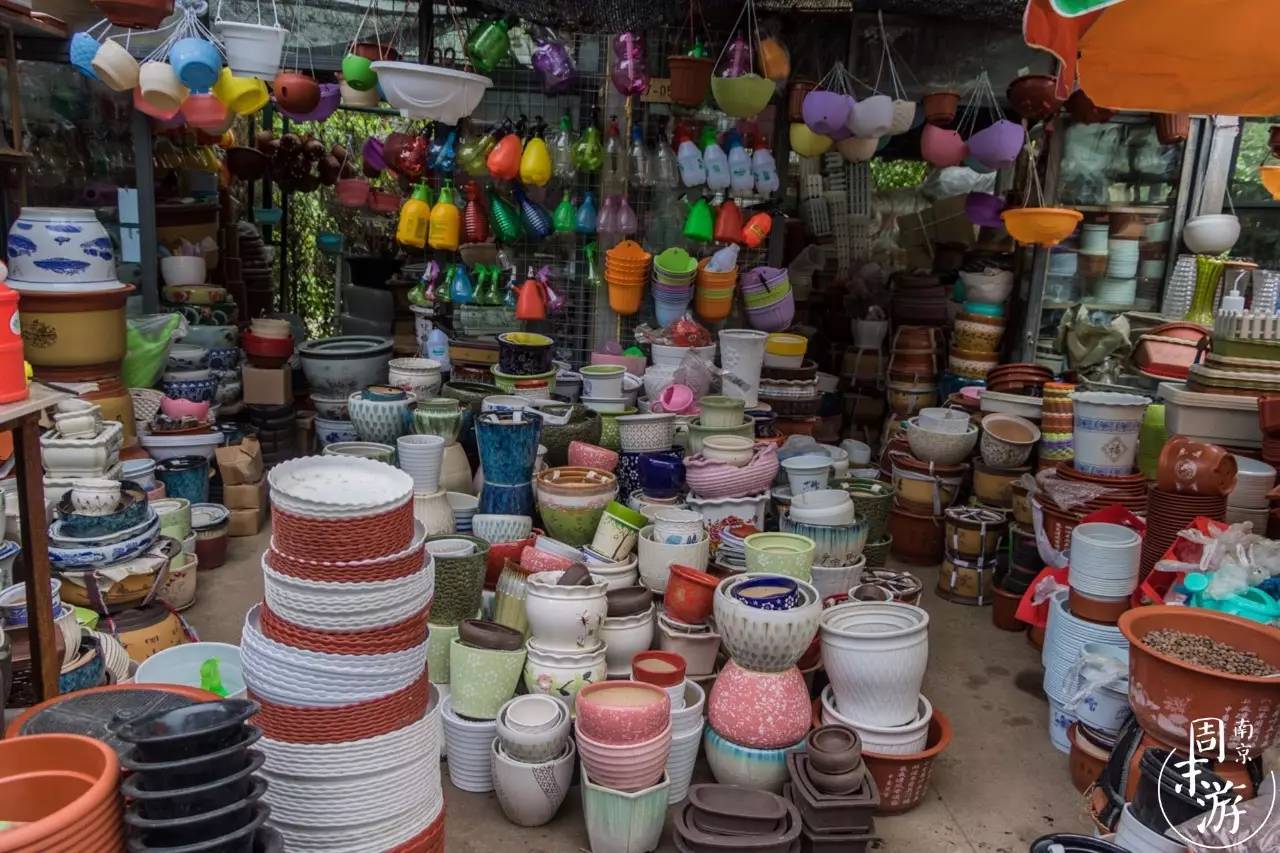 南京花鸟鱼虫市场,逛遍市场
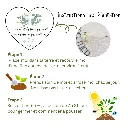 PLANTING TAG 1000.webp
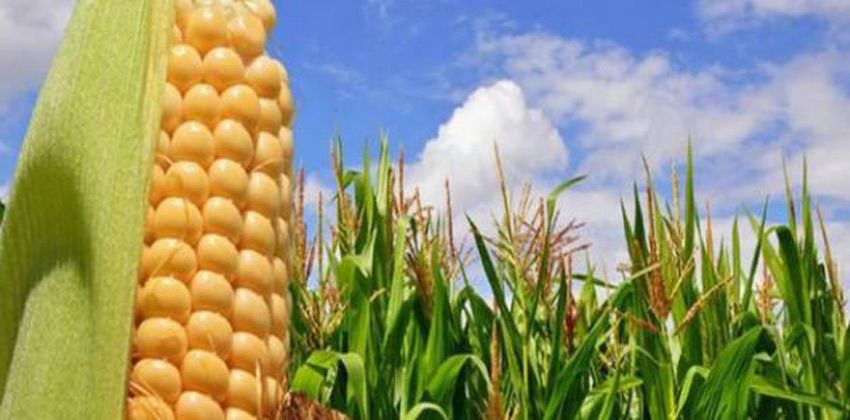 نقص مياه الفرات يُقلِّص نسبة زراعة الذرة الصفراء إلى الحد الأدنى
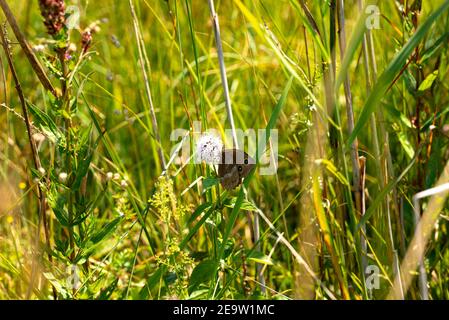 Ringlet Butterfly (Aphantopus hyperantus) is sitting  on a blooming flower in a green meadow in a  Bavarian nature reserve near the Alps - “Bärnsee Stock Photo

> **WHAT TO DO**: Start with the line that holds "نقص مياه الفرات" and retype each line through the last one in the data, exactly and without pictures.

> **EXPECTED ANSWER**:
 نقص مياه الفرات يُقلِّص نسبة زراعة الذرة الصفراء إلى الحد الأدنى
 Ringlet Butterfly (Aphantopus hyperantus) is sitting  on a blooming flower in a green meadow in a  Bavarian nature reserve near the Alps - “Bärnsee Stock Photo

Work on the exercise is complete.